When implementing a protocol client, there are a lot of details that you have to figure out. Every protocol works in a similar fashion – you send a message via some kind of a connection and you receive a message in return. One of your tasks is to encode and decode the messages and work with them in your application. The question is, how do you define your messages using OOP in a convenient way that allows you the most flexibility? In this article, I will try to explain what I think is a good way to go about it in Python. This post might be a beginning of a series about implementing a protocol client.

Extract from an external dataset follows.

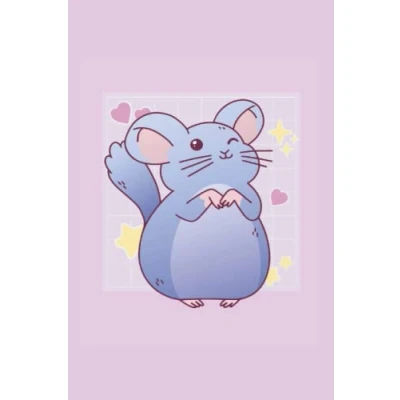 Abbildung von Notizbuch: Chinchillas Notizbuch 6x9 Zoll DIN A5 120 Seiten Punktraster Nagetier Notizheft Haustier Tagebuch Nager Schreibheft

Implementing a client can be quite an interesting programming exercise as you get to use a lot of interesting programming constructs and layers of abstraction. First, you need an encoder and a decoder, because as you receive and send messages, you need to be able to understand them. Next, you need a connection with the server. You usually just grab something from the standard library, like socket in Python, although you might want to abstract the connection into your own class as Python is not exactly renown for defining and following APIs like e.g. Java. These are relatively simple tasks, the crux is in defining the messages you want to send and receive, and implementing a layer of abstraction that uses all these components (encoder/decoder, connection and messages) to actually sends and receives the messages (which is what you want to use in your business logic). This is by no means the only way to do it, but to me it seems the most natural one. Obviously, you can use some library to do a lot of these tasks (like defining messages and encoding/decoding), e.g. protocol buffers, but you might want to avoid it for some reason (e.g. you don’t want to learn how to use a new library or a whole language in case of protobuf, you want more control, or just for fun).

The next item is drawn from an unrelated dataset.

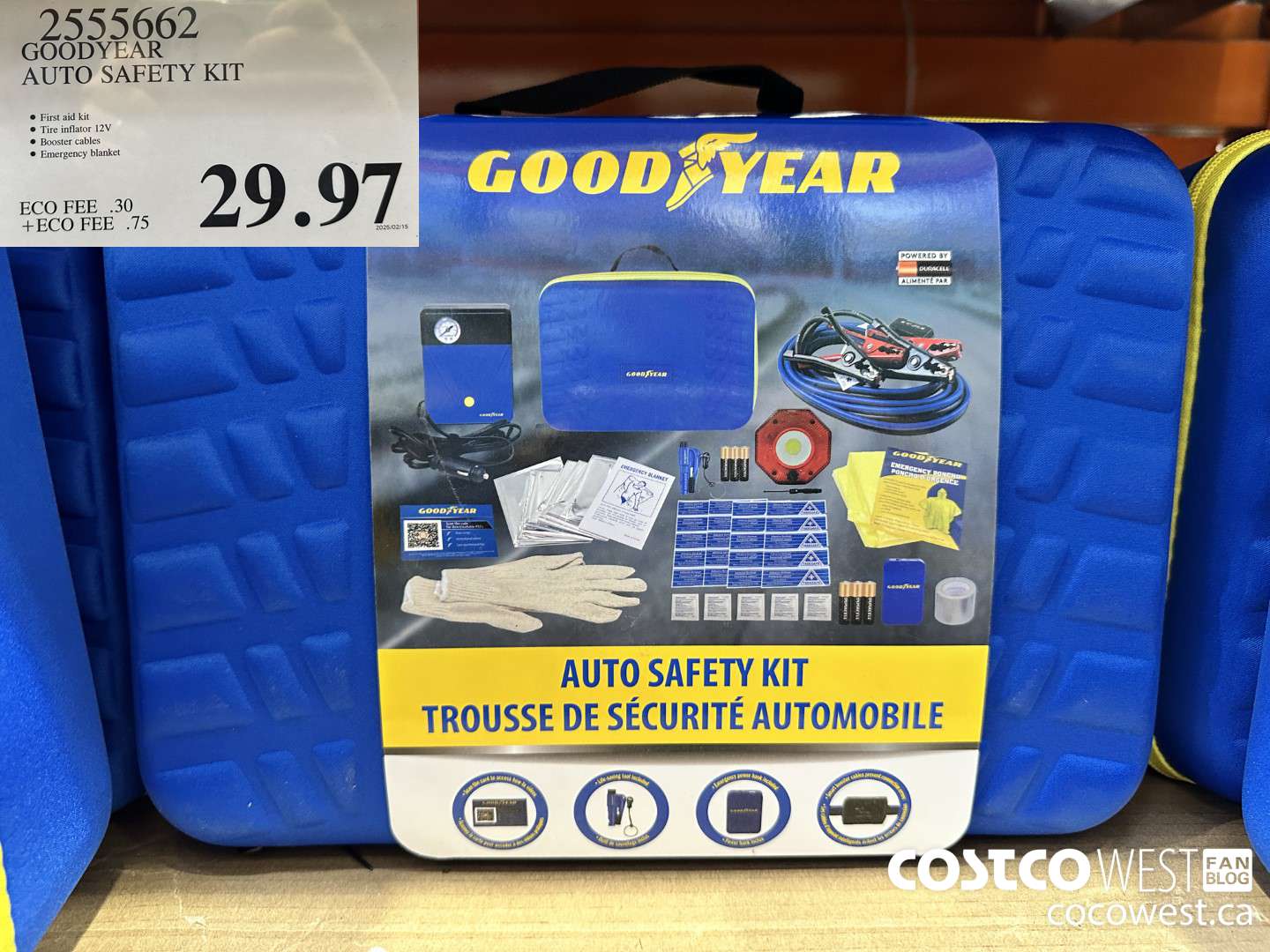 2555662 GOODYEAR AUTO SAFETY KIT $29.97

As I said in the lead, in this article, I am going to look into defining the messages. There are many ways to do it. Probably the most obvious way in Python is to define a message as a class with an initializer that takes the fields of the message as arguments:

class Message(object):
    def __init__(self, id, version=10, flags=0, operation=0x01):
        self.id = id
        self.version = version
        self.flags = flags
        self.operation = operation

This approach has several disadvantages. You have defined pretty much no metadata about the fields (not even types as Python is a dynamically typed language), so you don’t know how to interpret them. Are they all just single bytes? Probably not, id is most likely a variable integer or long that can take up more than just one byte. One way to deal with this is by implementing a method in each message that encodes and decodes the message. This gives you a lot of flexibility as far as interpretation of the message is concerned, but the problem is that in such a scenario, your messages get tightly coupled with your encoder/decoder implementation. If your encoder/decoder has a reasonable API, this isn’t such a big deal, but it’s still worrying as any change in your encoder/decoder interface requires a lot of changes in all your messages. It’s even worse if you need to support several versions of the protocol!

Another way would be to define the matadata as a dictionary, which could be a member of the class. The most basic form of this could look something like this:

class Message(object):
    metadata = {
        "id": {
            "type": "uvarlong"
        },
        "version": {
            "type": "byte"
        },
        "flags": {
            "type": "uvarint"
            "since_version": 11
        },
        "operation": {
            "type": "byte"
        }
    }

    def __init__(self, id, version=12, flags=0, operation=0x01):
        self.id = id
        self.version = version
        self.flags = flags
        self.operation = operation

This is a lot better because it allows you to completely separate the encoding/decoding functionality from the essence of the messages – their fields with their metadata. I believe messages should be just about that, no connection handling, encoding or business logic should happen in them as that makes the messages hard to reuse with different implementations or even in different contexts. The dictionary way has another advantage – it can save you many lines of codes. It allows you to define a single encoding/decoding implementation that takes care of all your messages, instead of implementing it in every message.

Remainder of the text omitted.